Only world number one Scottie Scheffler can claim to have a better recent record with three wins in his last four starts including the PGA Championship.
Fox
won the Myrtle Beach Classic
in May to qualify for the PGA and last weekend's
victory at the Canadian Open
earned him a spot in the US Open at Oakmont in Pennsylvania.
So what is one thing that Fox can tell others about mastering the game of golf?
"The best way to play golf is to pick a shot, commit to it and then not worry about where the ball's going to go," Fox told
First Up
.
"You've got no control over it once it leaves the face anyway so letting go of that outcome is the most important thing, and that's really hard to do."
That piece of advice has certainly helped Fox in recent weeks.
He had won eight times around the world until committing to the US PGA Tour two years ago.
He struggled initially on the Tour but has turned it around this year and in particular this month, with his season earnings now standing at NZ$5.5 million.
So the best way to play golf is to forget about the outcome.
"If you do that you learn some acceptance around bad shots too.
"Anyone that plays golf has had some unlucky bounces which can really piss you off, so if you've got some acceptance there as well it will certainly help your golf game."
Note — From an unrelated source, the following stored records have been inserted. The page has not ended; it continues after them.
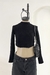 SWEATER AURORA - comprar online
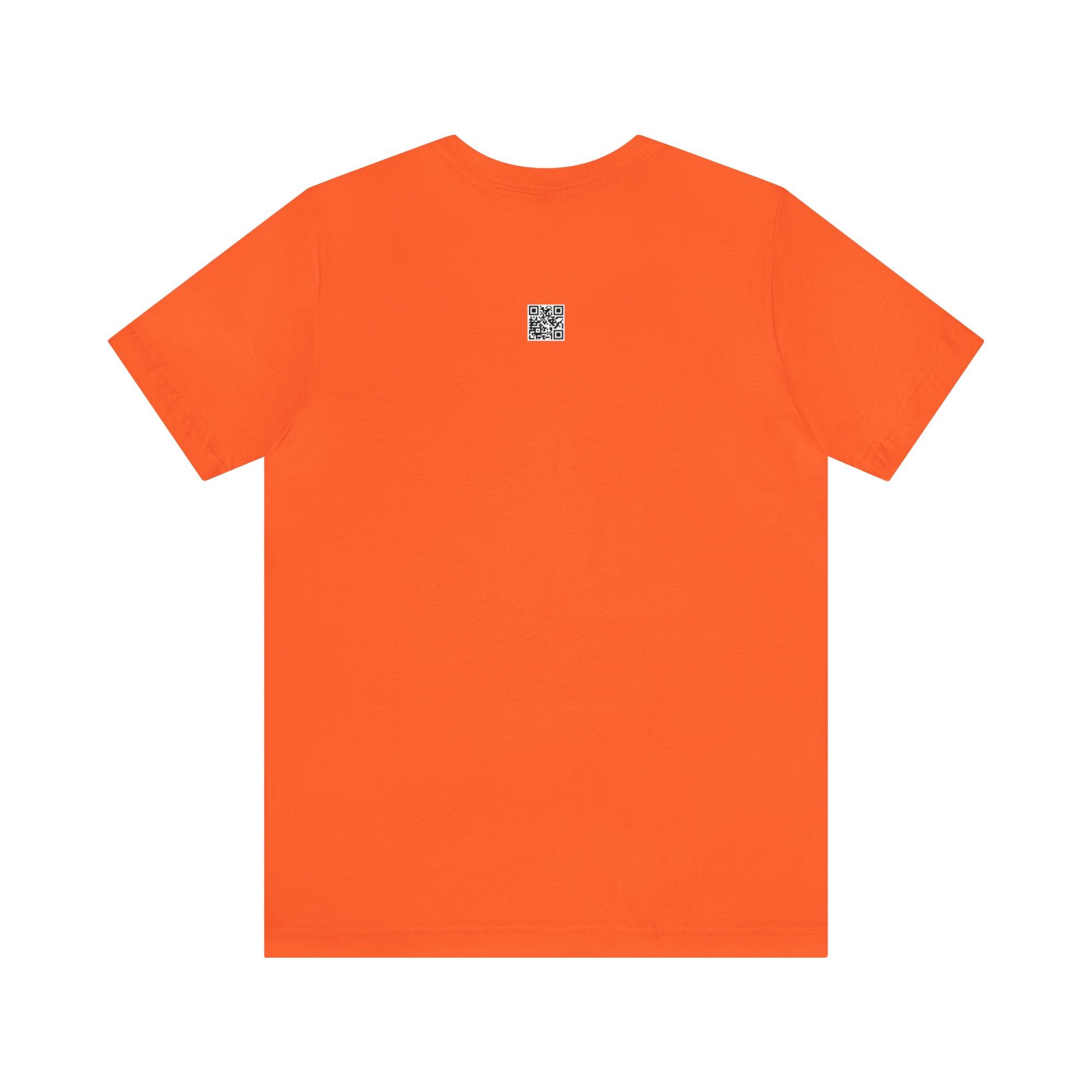 FOLEY'S Jersey Short Sleeve Tee
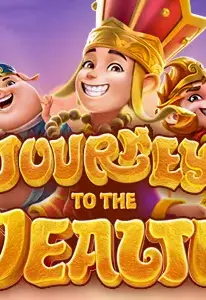 journey-to-the-wealth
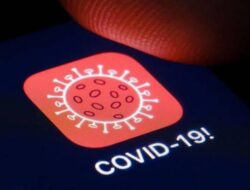 Pasien Covid-19 Sumbar Bertambah 167, Sembuh 190 Orang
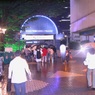 今週末は何がある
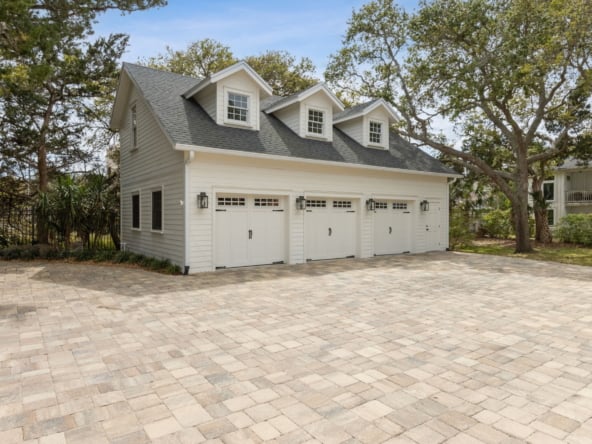 60-web-or-mls-106 Carver St E (51 of 62)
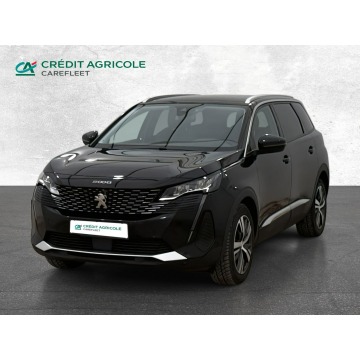 Peugeot 5008 1.5 BLUEHDI Active Pack S&S EAT8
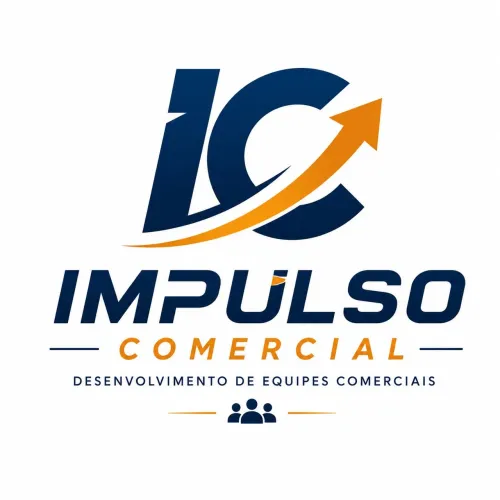 Treinamento e Consultoria Comercial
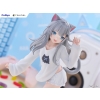 Vtuber (Virtual YouTuber) - Nachoneko - Tenitol Tall
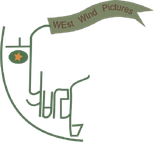 West Wind Pictures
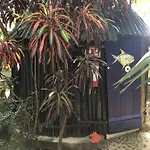 Hostel Rancho Tranquilo *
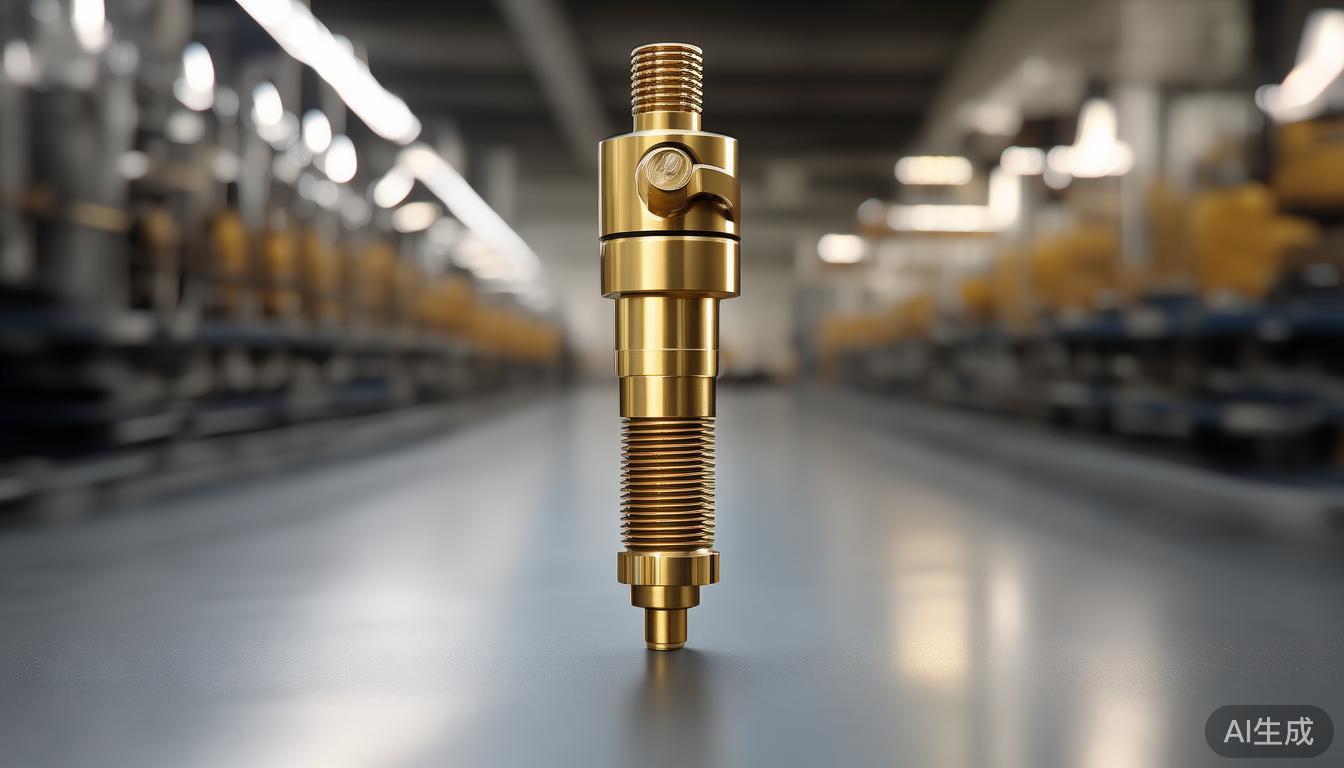 Dxb brass needle valve features and suppliers of needle valve fittings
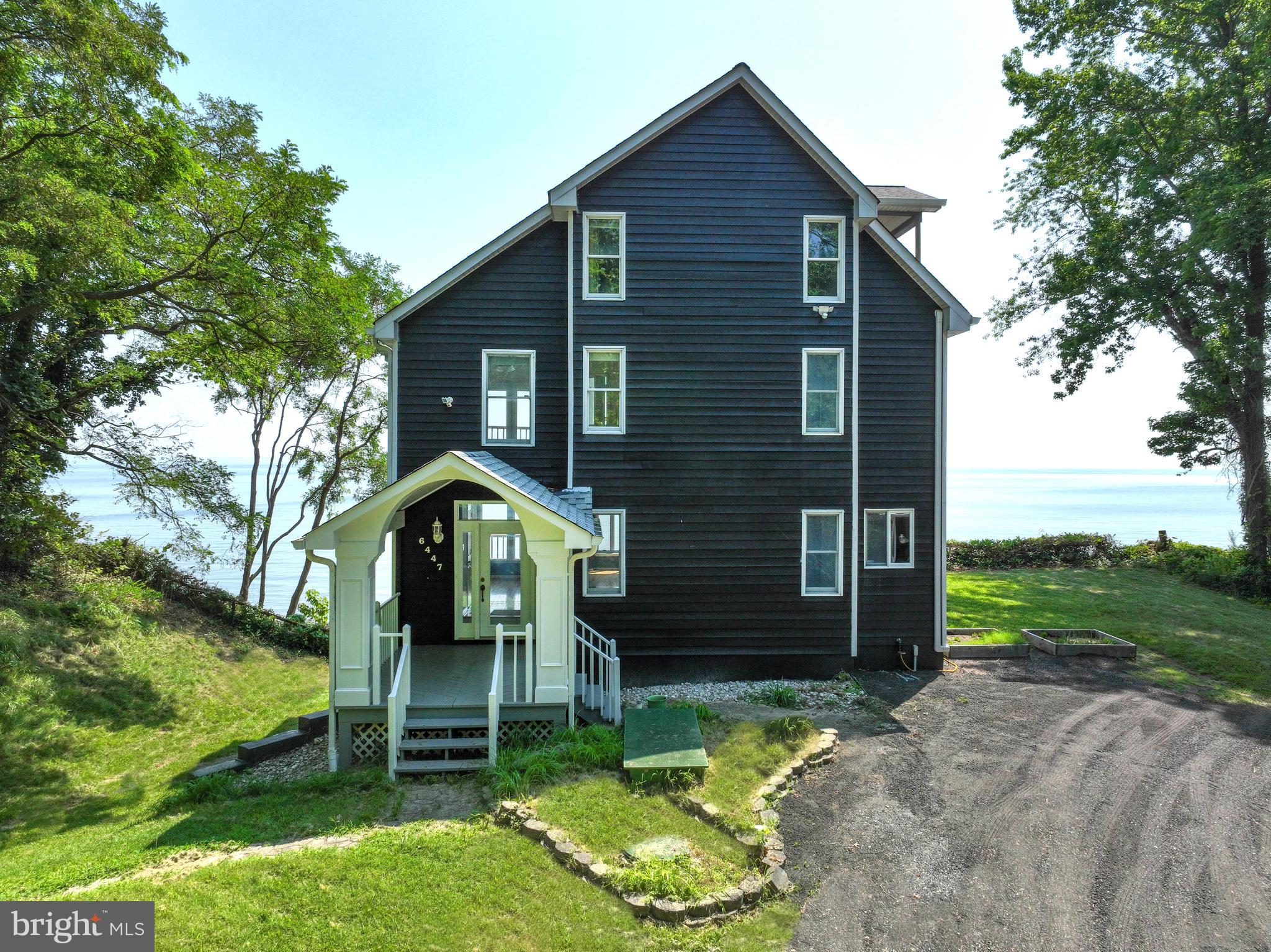 SUMMER CITY - Residential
Fox will probably need some acceptance and patience around the Oakmont course is Pennsylvania this week.
It is known as one of the toughest tests in golf.
New Zealand golfer Ryan Fox hits out of a bunker.
Photo:
Matthew Harris / PHOTOSPORT
Fox, who hasn't played Oakmont before, had first hand experience of the course during a practice round this week when he threw a ball into the rough to practise getting out and it took him two minutes to find his ball.
"It was only a yard away from where I was looking, but I couldn't see it until I was standing on top of it.
"The golf course is an absolute beast, it's long and its rough is nasty."
The last time the US Open was played at Oakmont in 2016, Dustin Johnson won with a four-under par score, with just four players finishing under par.
"It's going to beat some people up this week, the greens are incredibly tricky. It's renowned for having some scary, scary fast greens, and they're very slopey. I'd liken the slopes to Augusta."
Fox said players will have to accept that they're probably not going to have a great round.
"For the most part you've just got to go out and try to hit really good shots and accept you're going to hit it in some spots that you just got to almost laugh at and just try to get it back in play and not make a double bogey.
"You're going to make plenty of those (double bogeys) this week if you lose your head a little bit."
If he does have the odd bad shot Fox can also look back at the second shot he had on the fourth play-off hole in Toronto last week... a shot that more or less won him the Canadian Open.
"It's
easily the best shot I've ever hit
, and I've got it saved on my phone and I've watched it a bunch."
Fox will play alongside Byeong Hun An of Korea and American Joe Highsmith during the first two rounds.